WHAT TO WORK ON: Copy nothing but the lines running from the one containing "507 Martine Rd. Gallery 1" through the end of the listing below. Drop the pictures.

DATA SEGMENT:

━━━━━━━━

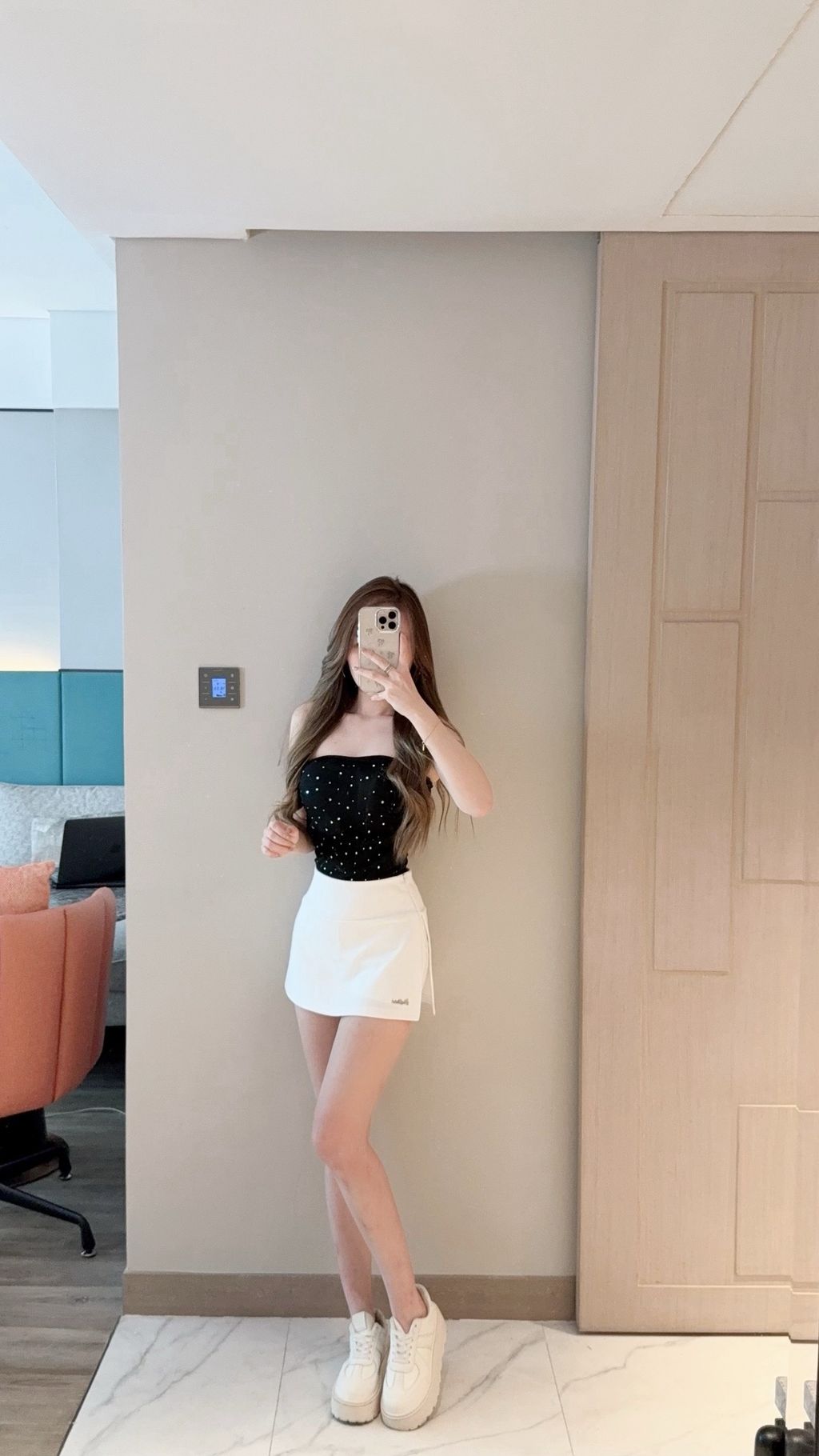 image_FBC6911D-53AD-4038-9741-708D2C841BC4_1775730962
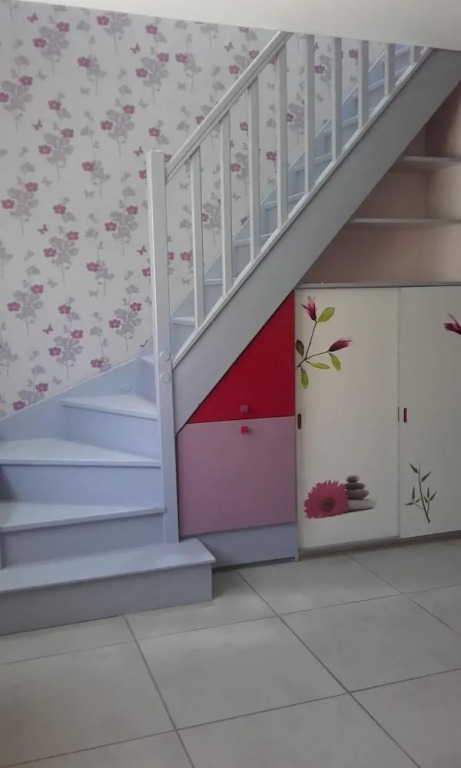 House With 2 Bedrooms in Favières, With Wifi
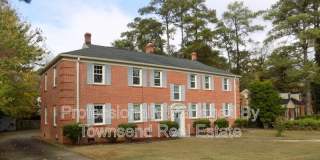507 Martine Rd. Gallery 1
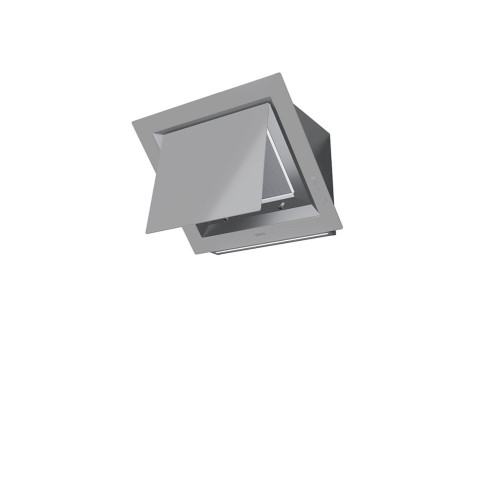 Вытяжка TEKA DLV 68660 TOS STEAM GREY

━━━━━━━━

EXERCISE SOLUTION:
507 Martine Rd. Gallery 1
 Вытяжка TEKA DLV 68660 TOS STEAM GREY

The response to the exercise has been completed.